Perspectives for EU-Russia economic relations in times of Ukraine war, sanctions and Donald Trump

BDI-KAS workshop series on 'International Trade'

This session was moderated by Hardy Ostry (Head of European Office, KAS) and Stefan Mair (Member of the Executive Board, BDI).

On 21 March 2017, the 32nd session of the Working Group on International Trade, organized jointly by the European Office of Konrad-Adenauer-Stiftung and the Federal Association of German Industry (BDI) took place. The Working Group on International Trade addresses current issues of trade and investment with significance for the economic future of the European Union and its businesses. With the expertise of our distinguished guest speakers and the discussion among participants our series aims at enriching an open and constructive dialogue among European Institutions as well as other key stakeholders of the European trade and investment community.

Under the title “Perspectives for EU-Russia economic relations in times of Ukraine war, sanctions and Donald Trump” Andreas Metz (Director communications, Committee on Eastern European Economic Relations of German Business), Daniel Gros (Director Department Economy and Finance, Centre for European Policy Studies), and Jane Amilhat (Deputy Head of Unit, DG Trade, European Commission) held a lively debate about the future economic relations between the European Union and Russia against the background of the current political situation.

The participants of the debate coincided regarding the assessment of the status quo of EU-Russia relations. The participants of the debate agreed that Russia’s current economic problems are not solely triggered by the sanctions of the European Union. Other factors, for instance the oil price and Russia’s protectionist measures, have to be taken into account, too. Russia, which puts far more emphasis on the success of its security policy than on its economic performance, cannot be put under serious pressure by means of economic sanctions.

The working group also provided very revealing contributions concerning a future vision of the economic relations between the European Union and Russia.

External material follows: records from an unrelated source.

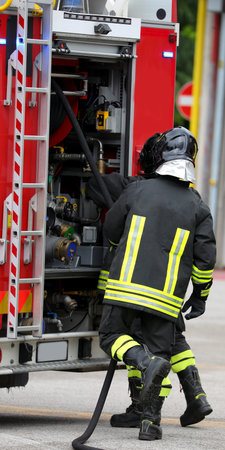firefighters with uniforms and protective helmets and fire trucks in action during emergency in city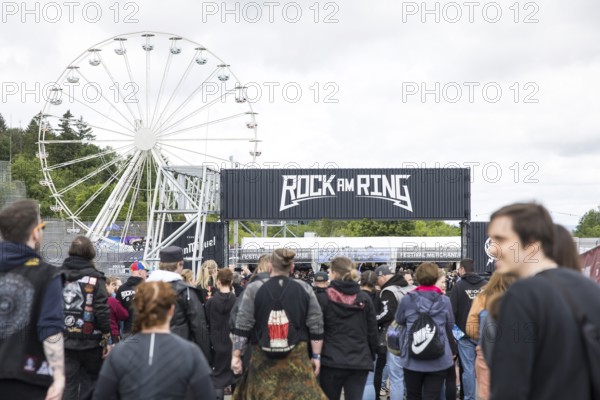Festival visitors in front of a Ferris wheel and a container with the Rock am Ring logo at the Rock am Ring Festival on Friday, Nürburgring race track race track, 06/06/2025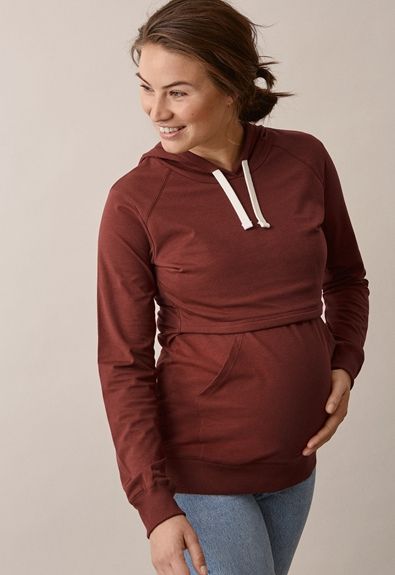 Boob Design B-Warmer Hoodie imetyshuppari pitää rinnat lämpöisenä niin paukkuvina talvipakkasina kuin kesän koleina iltoina. Paita on kaksinkertaista kangasta rintojen kohdalta ja alempi kerros on lämmittävää fleeceä.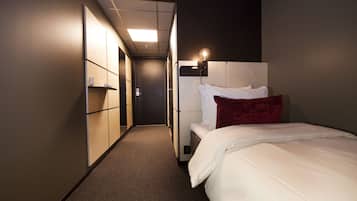 Una habitación de hotel con cama, mesita de noche, armario y un pasillo que lleva a otra habitación.
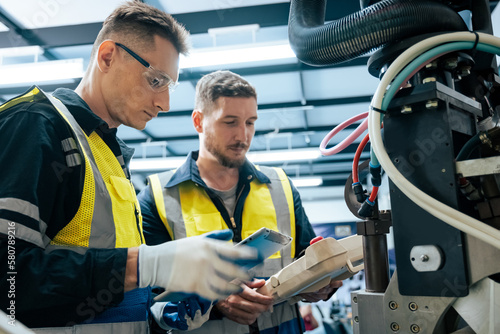 Multiracial tachnicial engineer training with robot arm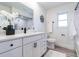 Bright bathroom with a white vanity, modern fixtures, a decorative mirror, and a walk-in shower at 2161 Aqui Esta Dr, Punta Gorda, FL 33950
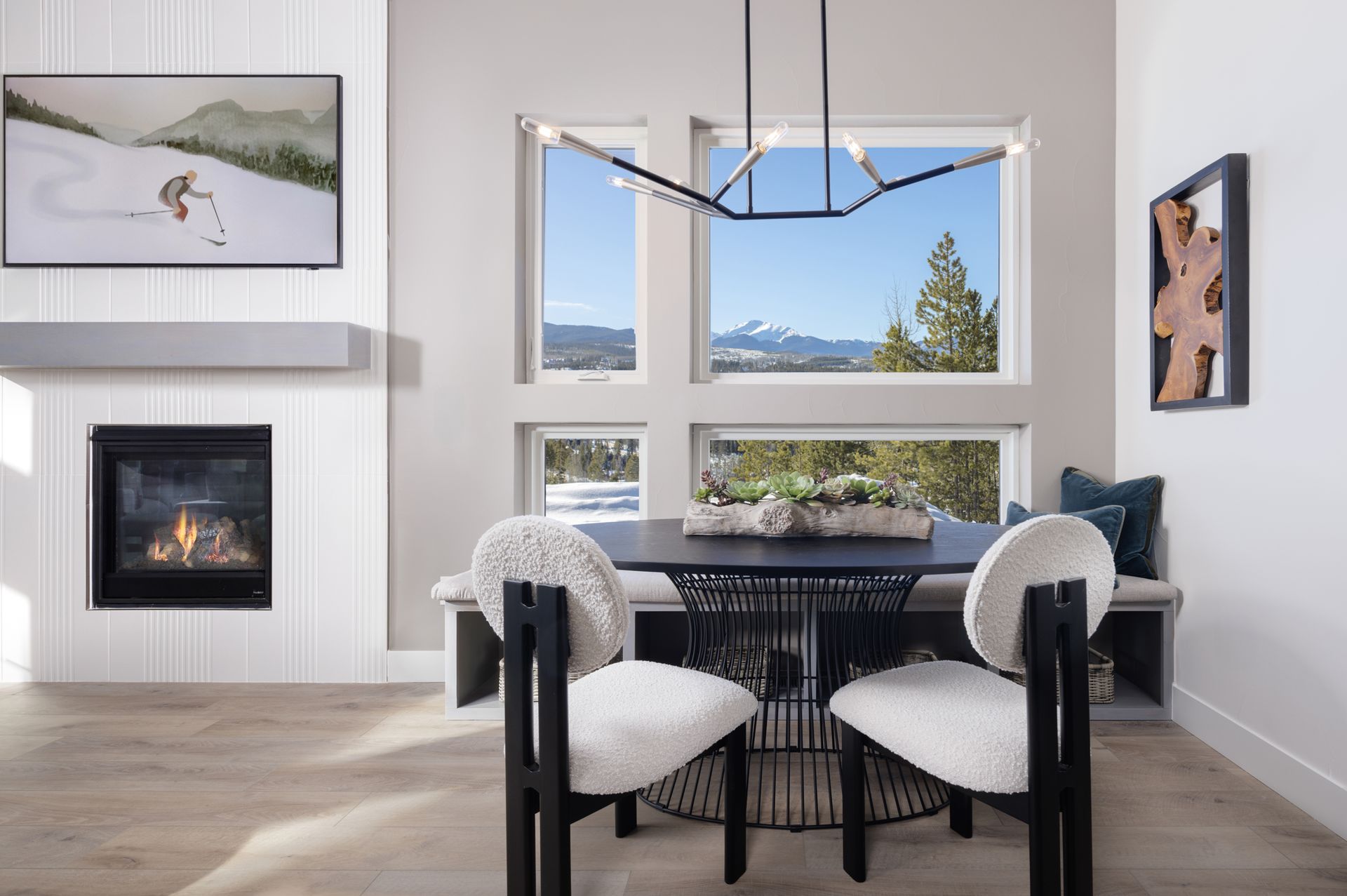 The dining space offers a warm and inviting setting, featuring a built-in bench that adds both style and functionality. Perfectly designed for gatherings, it creates a cozy spot for meals, conversation, and everyday living.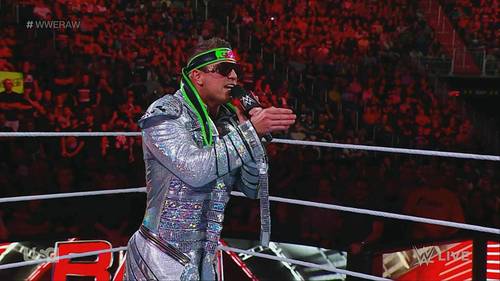 Un luchador con un traje plateado está de pie en un ring durante WWE RAW.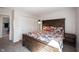 Comfortable bedroom with a wood bed frame, floral comforter and carpeted floors at 6149 W Country Ln, Anderson, IN 46011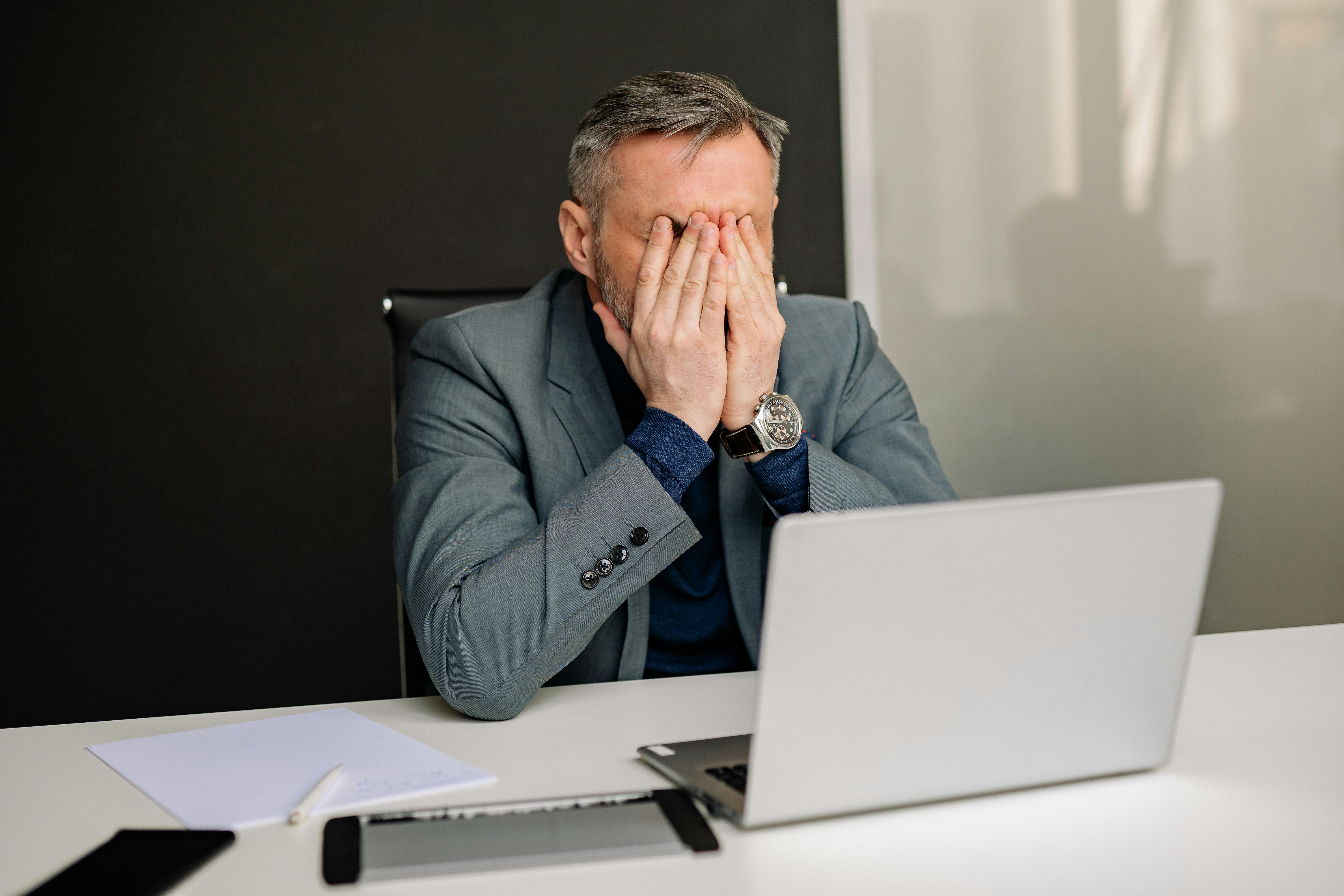 A white man is sitting at a desk with a computer in front of him. His hands are pressed into his eyes in frustration.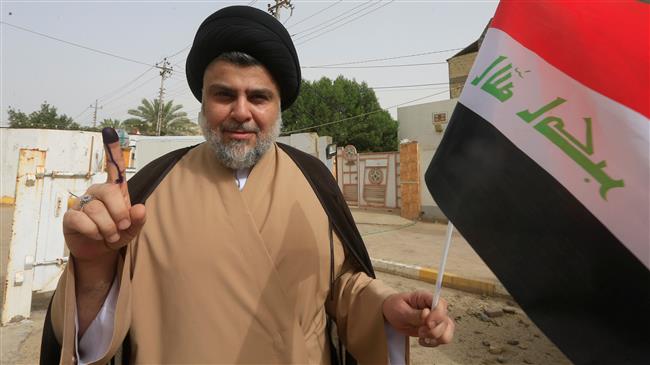 Iraqi Shia cleric Muqtada al-Sadr shows his ink-stained finger after casting his vote at a polling station during the parliamentary elections in Najaf, Iraq, May 12, 2018. (Photo by Reuters)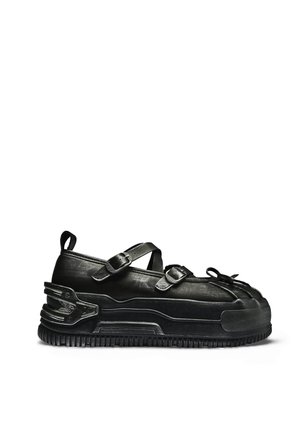 Zwarte leren sneaker met dikke zool, twee gespen over de bovenzijde, afgeronde verstevigde neus en een trekband aan de hiel.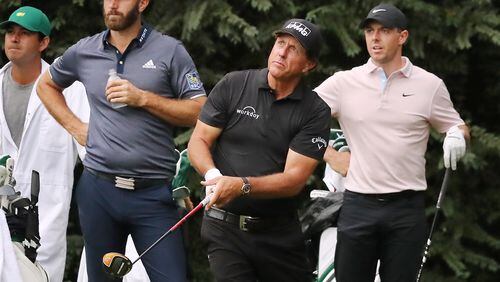 Dustin Johnson (left) and Rory McIIroy (right) look on as Phil Mickelson tees off on the 14th hole during their practice round for the Masters.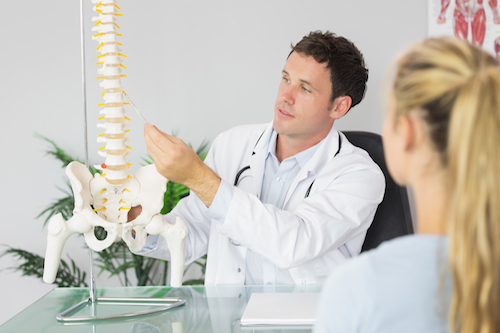 Doctor explains back pain and chiropractic care with a model of a spine suspended on a rod.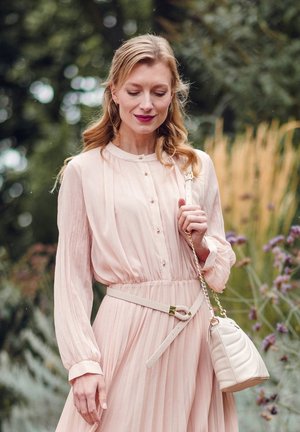 Svetle růžové sklady šaty s dlouhými rukávy, zapínáním na knoflíky a látkovým páskem. V kombinaci s krémovou kabelkou s pozlaceným řetízkem.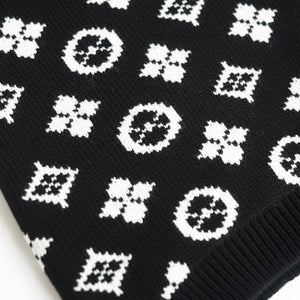Close-up detail of white monogram pattern on black knit dog sweater fabric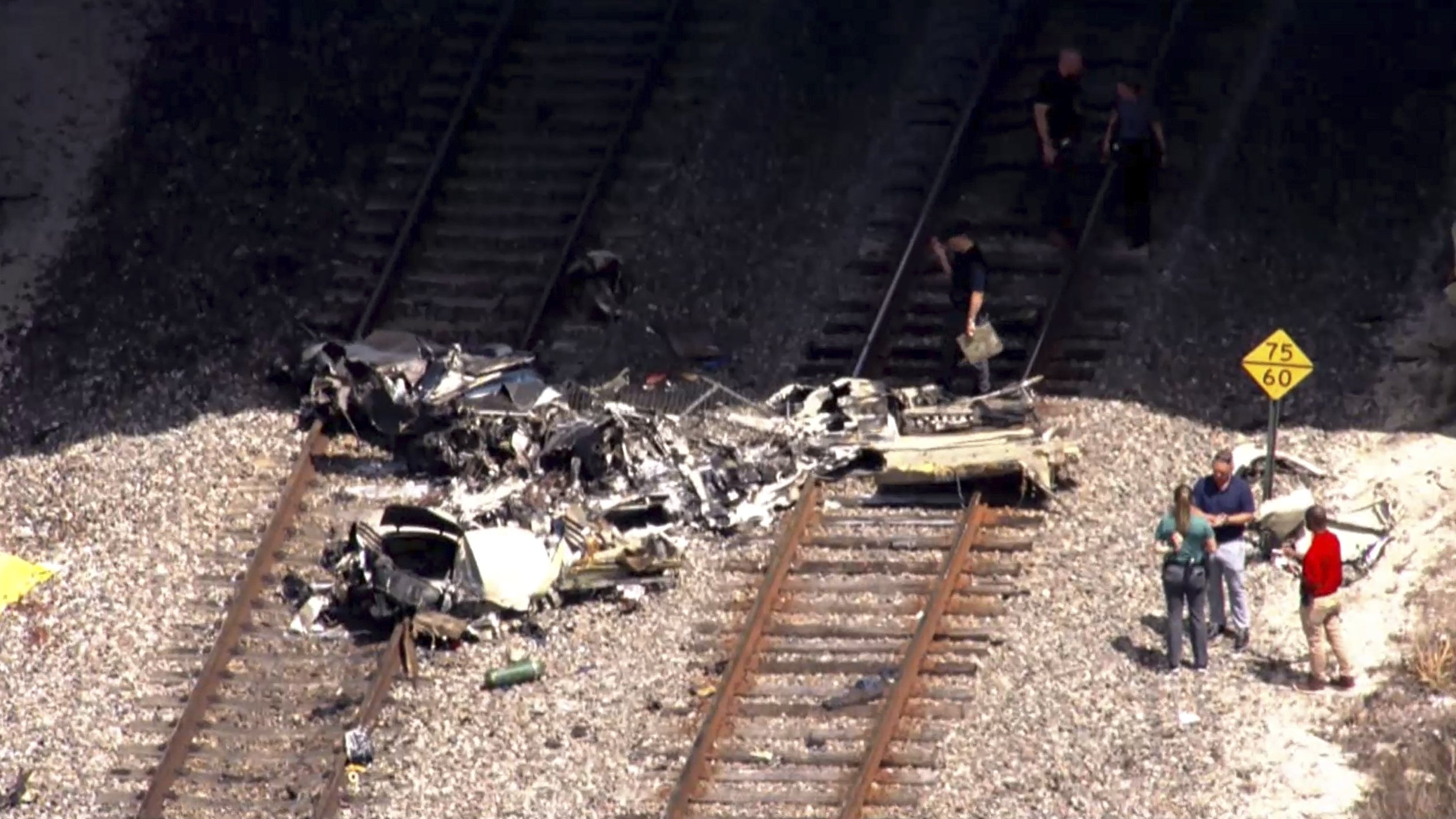 377234 In this image taken from video provided by WSVN-TV, emergency personnel respond to the area where a small plane crashed on the railroad tracks beneath the overpass near Interstate 95 in Boca Raton, Fla., Friday, April 11, 2025. (WSVN-TV via AP)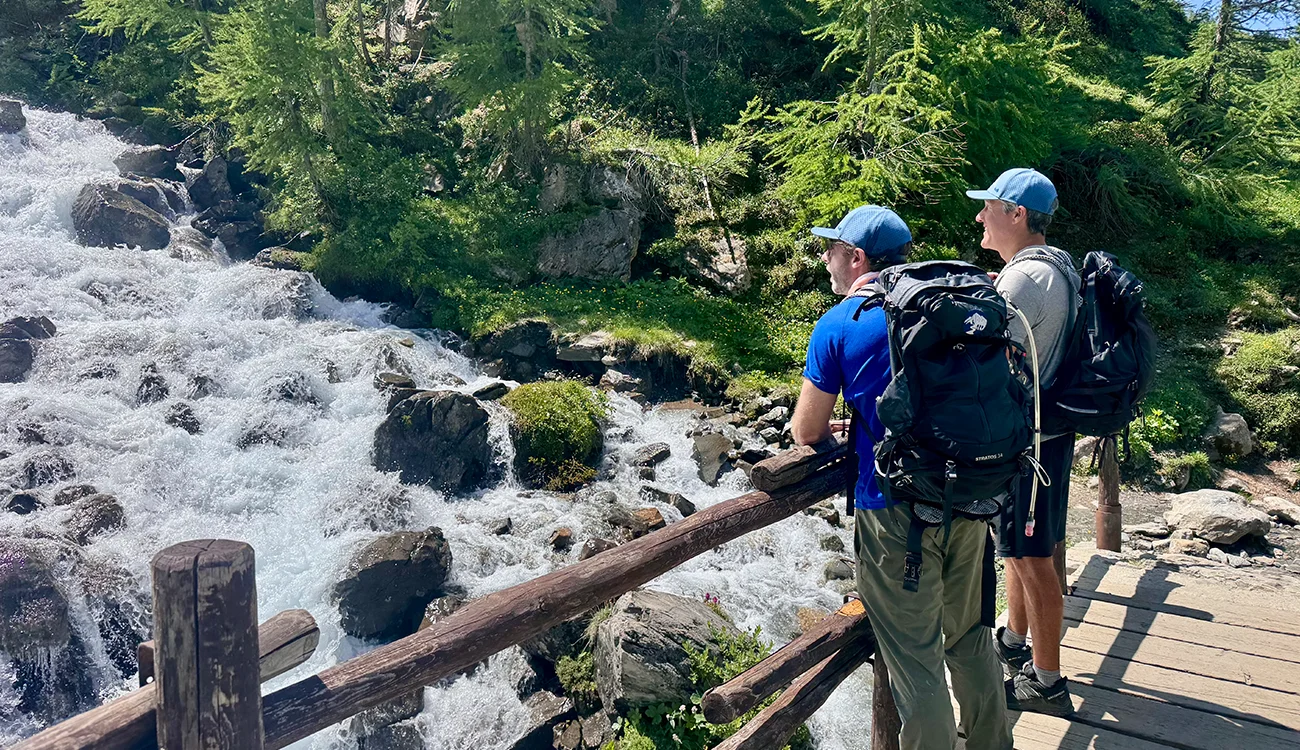 corporate-retreat-wooden-bridge-mountain-stream-alps Executives crossing a wooden footbridge above a fast-flowing mountain stream during a guided corporate hiking retreat in the Alps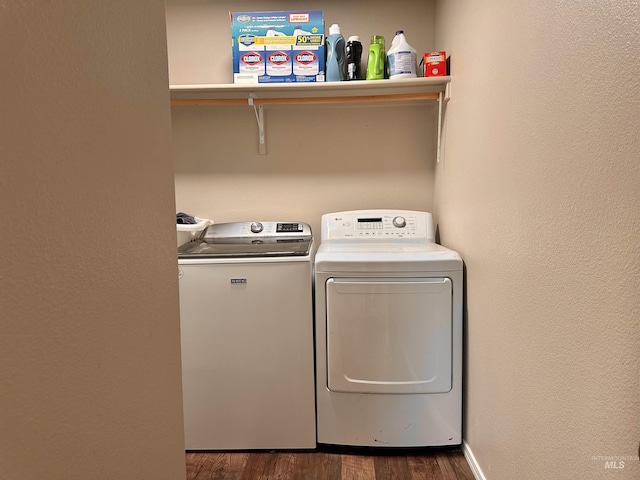 washroom featuring washing machine and dryer and dark hardwood / wood-style floors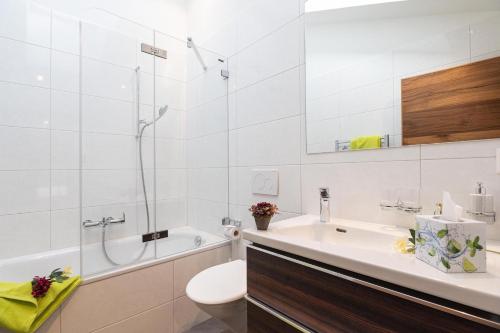 a bathroom with a sink and a tub and a toilet at Jolimont Apartments in Zermatt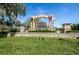 Community sign for WatersEdge with stone base and manicured lawn at 11833 Castine St, New Port Richey, FL 34654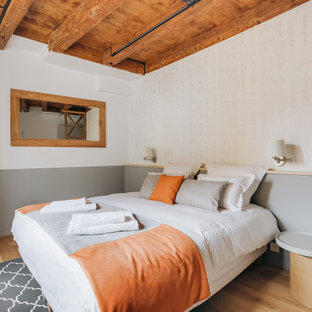 Réalisation d'une chambre chalet avec un mur blanc, un sol en bois brun et un sol marron.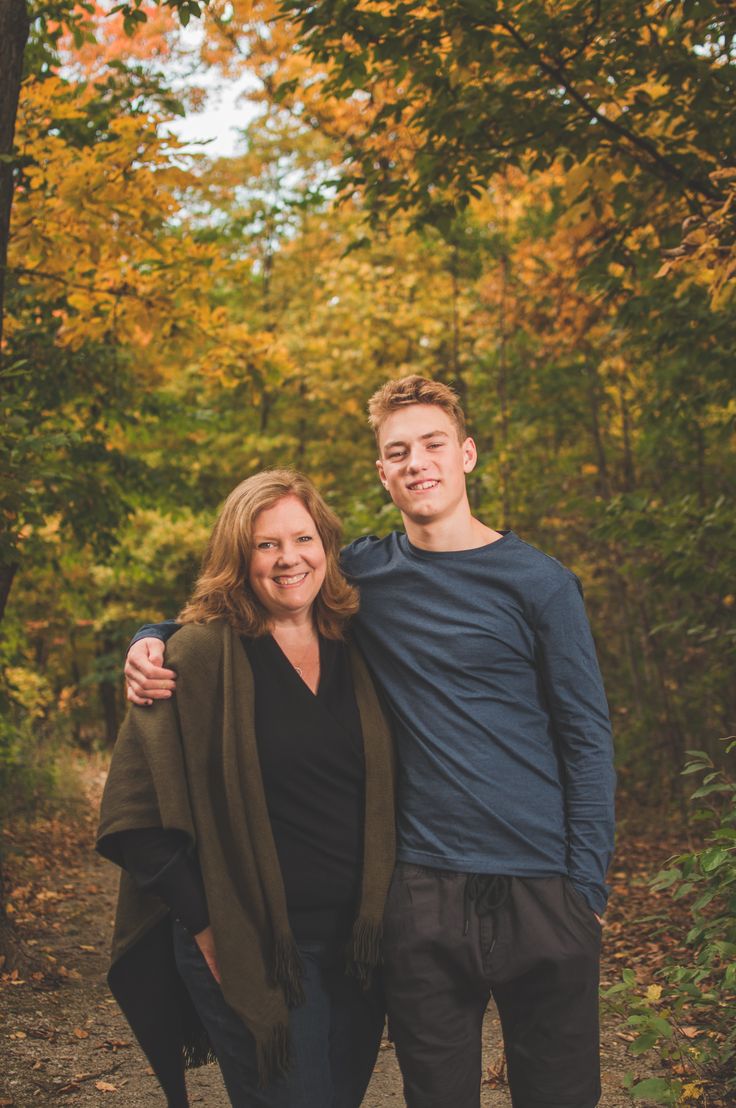 a man and woman posing for a photo in front of trees with fall leaves on the ground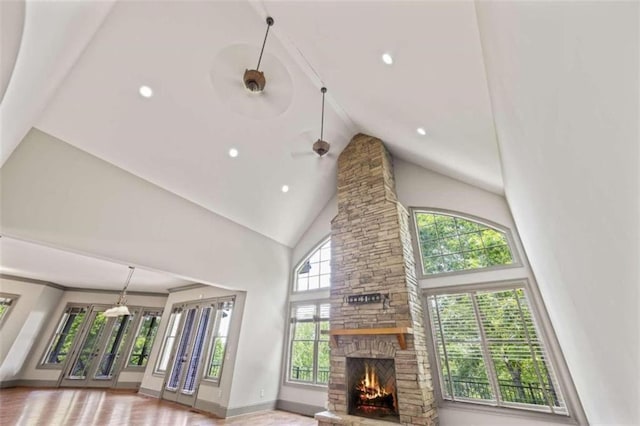 living room with high vaulted ceiling, a stone fireplace, and ceiling fan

Our guest speakers expressed the opinion that a change in the operation of the economic relations with the European Union must initially take place within the Russian institutions and society. The European Union will not intervene in Russian internal affairs. However, disagreement existed regarding the possibility of a future dialogue with Russia. On the one hand, the difficult conditions under which the dialogue with Russia takes place were pointed out. It was stated that Brussels had unsuccessfully reached out to Russia in terms of problem solving, which is the reasons why trade disputes are now fought out at the WTO. On the other hand, it was questioned whether European Institutions and organizations of the civil society indeed put enough efforts into the maintenance of the dialogue with their Russian counterparts. To find a suitable mode of communication will be a decisive element for the future of a fruitful economic partnership between Russia and the European Union.